Because the trust existence spanned several decades and during such time there had be a change in trustees as well as change in trust law the decision as to whether the trustees breached their duty to inform is broken down into three time frames, 1976 to 2002 (time during which original three trustees served), 2002 to 2004 (new trustees but old trust law applied), and 2005 to 2009 (new trustees and new trust law).

The lower court determined that at no point in time had plaintiff beneficiary met her burden of proof to show that the trustees had breach their duty to inform and therefore dismissed her claims.

The court of appeals reversed the lower court’s decision in that plaintiff did present evidence for the first and third time frames showing that trustees breached their duty to inform but that they adequately informed her during the second time frame.

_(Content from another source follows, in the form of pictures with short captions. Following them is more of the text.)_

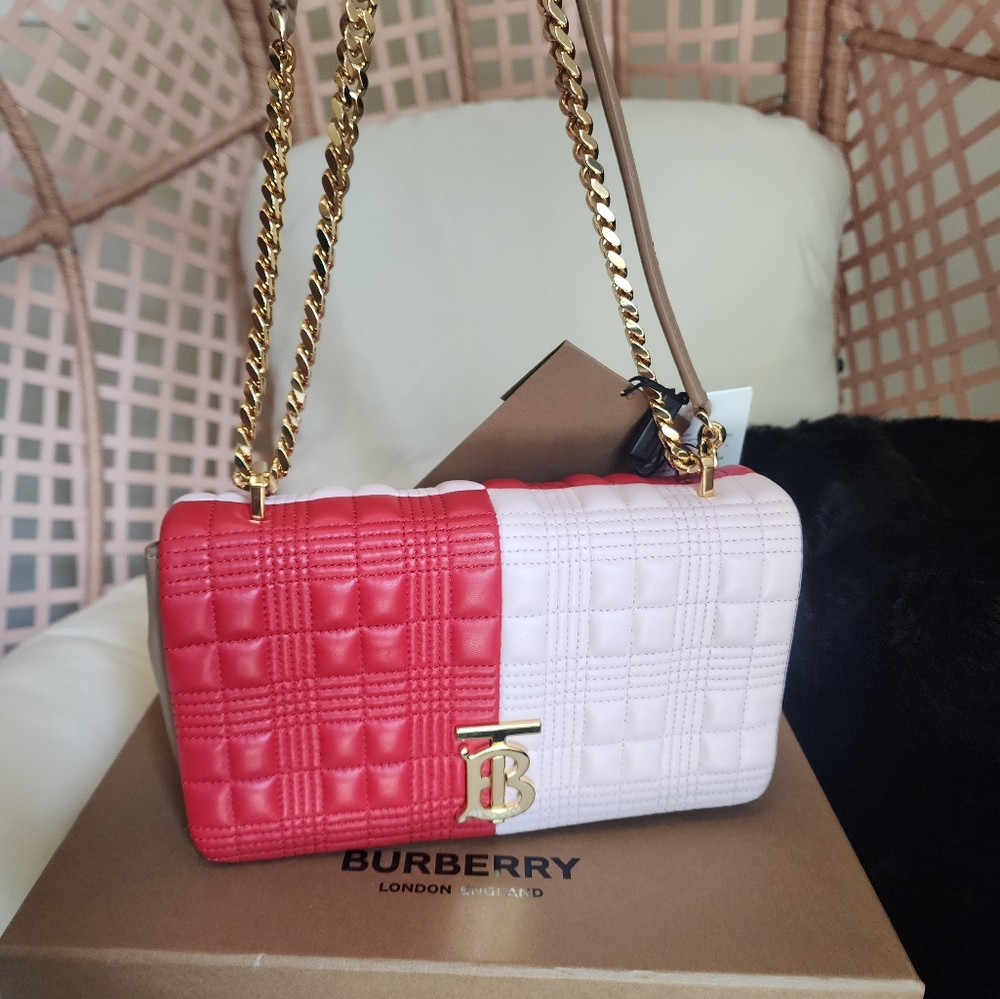 Authentic Burberry Tri Color Quilted Shoulder Bag Or Crossbody Bag - Picture 2 of 15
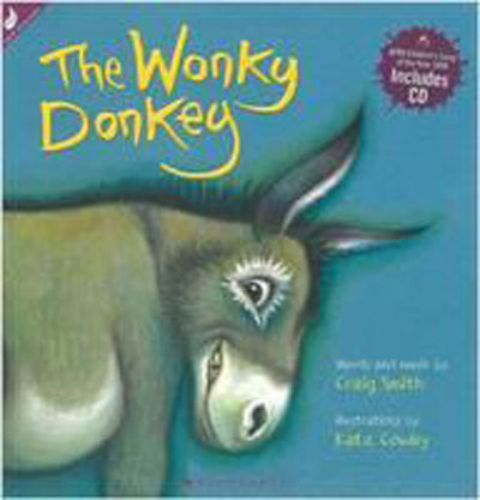 A colorful paperback book and CD-Audio set featuring the whimsical Wonky Donkey tale for interactive children's learning.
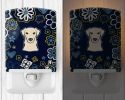 Labrador Retriever - Yellow - Blue Flowers Ceramic Nightlight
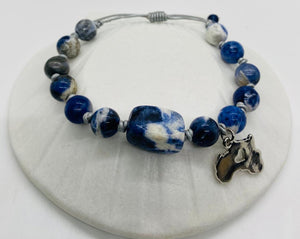 Leather Sliding Knot Bracelet Blue White Stone with Silver African Map Symbol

Trustees did not send any information and could not produce any documentation prior to 2002, “[h]owever, the trust did not suffer any loss due to that breach and, thus, was harmless.  Under the prior trust law of Nebraska, the accountings sent to the beneficiary in the form of a schedule K-1 were adequate to inform the beneficiary because she did not request further information, therefore the trustees did not breach their duty during the second time period.  However, after 2004, Nebraska adopted the Uniform Trust Code and the court held that the schedules K-1 sent to the beneficiary were not adequate under the new standards, however, their breach was cured upon the filing of an adequate accounting.